Most of the overnutrition as well as the undernutrition problems in the world can be brought back to the fact that the foods we eat, are either too rich in certain elements — such as saturated fats or sugar — or they are too poor in others, lacking important vitamins or minerals.
These unacceptable statistics are well-known to the medical and public health community. Our doctors and dieticians recommend healthy foods to lower our cholesterol, or to lose weight and government-led campaigns promote healthy eating habits and dietary diversity.
But is it even possible to choose the healthier option? Are these foods available, and are they affordable to those that need them most?

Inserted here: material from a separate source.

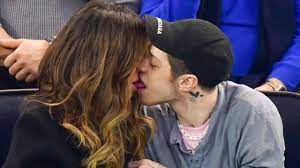 Pete davidson is an american comedian and actor who is a featured player on saturday night live (1975), as of september 2014. Pete Davidson Jetzt Will Der Rupel Knutscher Plotzlich Vater Werden Leute Bild De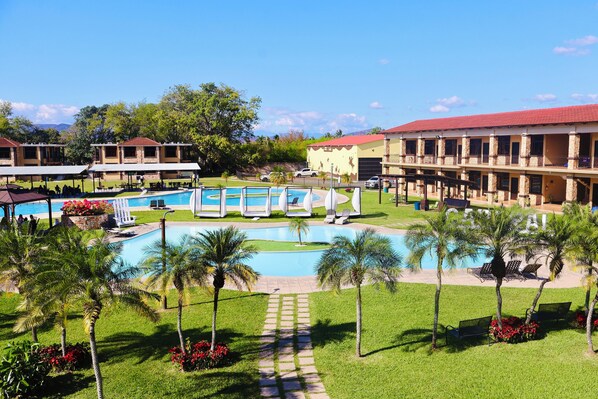 Exterior - Grand Caporal Hotel (Chiquimula)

To ensure that more people have access to and will consume more nutritious diets, we need to not only target the producers of foods, such as the farmers and farm input suppliers, or consumers who are at the receiving end of the food value chain, but we must address the entire food system.
Without a nutrition driven food system, we are in real danger of distributing food products, practices, and aspirations that are nothing short of health hazards. If we are not careful, strained health systems around the world will now need to add to their responsibility, the burden and treatment of diet related illness brought on by shattered diets and a defective food system.

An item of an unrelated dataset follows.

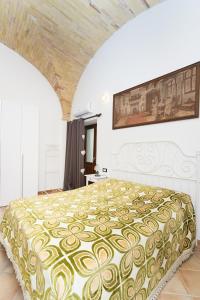 a bedroom with a large bed in a room at B&B Porta Della Noce in Lanciano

A food systems approach is needed to address under and over nutrition because sustainable nutritious food production on its own is essential, but not sufficient to solve the global malnutrition. Simply put, more food and higher yields are a long way from the mouth of hungry mothers, adolescent girls, children and infants.

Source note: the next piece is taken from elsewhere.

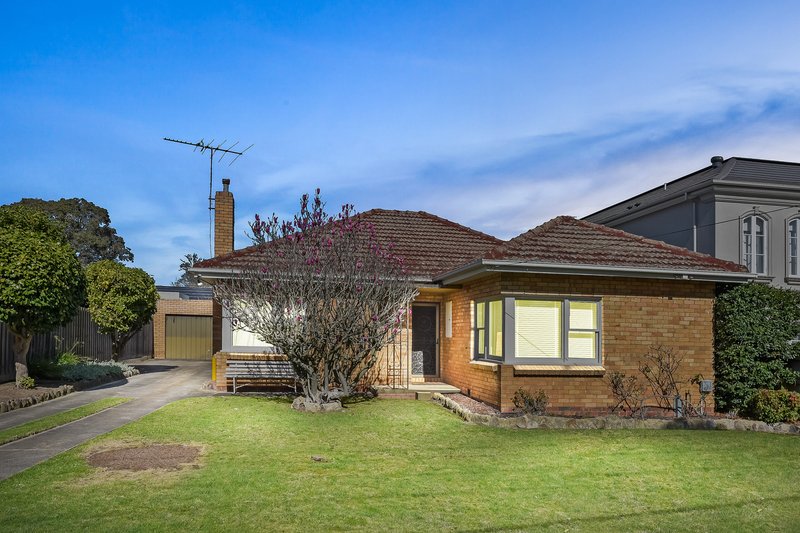Photo - 18 Winbourne Road, Mount Waverley VIC 3149 - Image 1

Starting with the consumer and the need to generate demand for more safe and nutritious foods, GAIN – with its alliance of partners – is working hard to unlock obstacles in the systems. We are addressing these with innovative, sustainable solutions in partnership with actors along the nutritious food supply chains from food processors, cold chain warehousing, distributors, wholesalers and retailers, to regulators and policy makers, not forgetting the farmer herself.
According to the World Bank, consumers at the Bottom of the Pyramid, both rural and urban, spend $3.5 trillion on food every year and this is expected to grow. In an increasingly urbanized world, the urban poor and families make choices based on what is available in the market at affordable prices and even poor rural famers often rely on markets to purchase their food.
Some of our projects focus on bringing nutritious foods to markets. For example, the Marketplace for Nutritious Foods is designed as an innovation hub, to support promising business plans of local enterpreneurs that want to increase access to nutritious, safe and affordable foods for low-income consumers. A successful example is the VEGMAN, a company in Mozambique, which has developed a vertically integrated business model that oversees everything from vegetable production to wholesale and retail, and has increased access to a diversity of nutritious vegetables to Mozambican consumers at low prices.
Not only farmers, but also women are at the heart of the food system. In rural Rajasthan, India, women groups have been trained to produce fortified blended foods. These foods are purchased by the State’s social welfare program, which then distributes take home rations to mothers and children. This project is giving tens of thousands of women access to nutritious complementary foods for their babies, aged 6 to 23 months, needed in addition to breastmilk. Currently, similar women groups are being set up in the Indian States of Karnataka and Bihar.
By working together with our partners, GAIN’s programs have led to safer and more nutritious foods available to hundreds of millions of individuals through more sustainable food systems in low- and middle-income countries. Making our diets and food systems more nutritious will in turn lead to better health, educability and productivity for entire communities.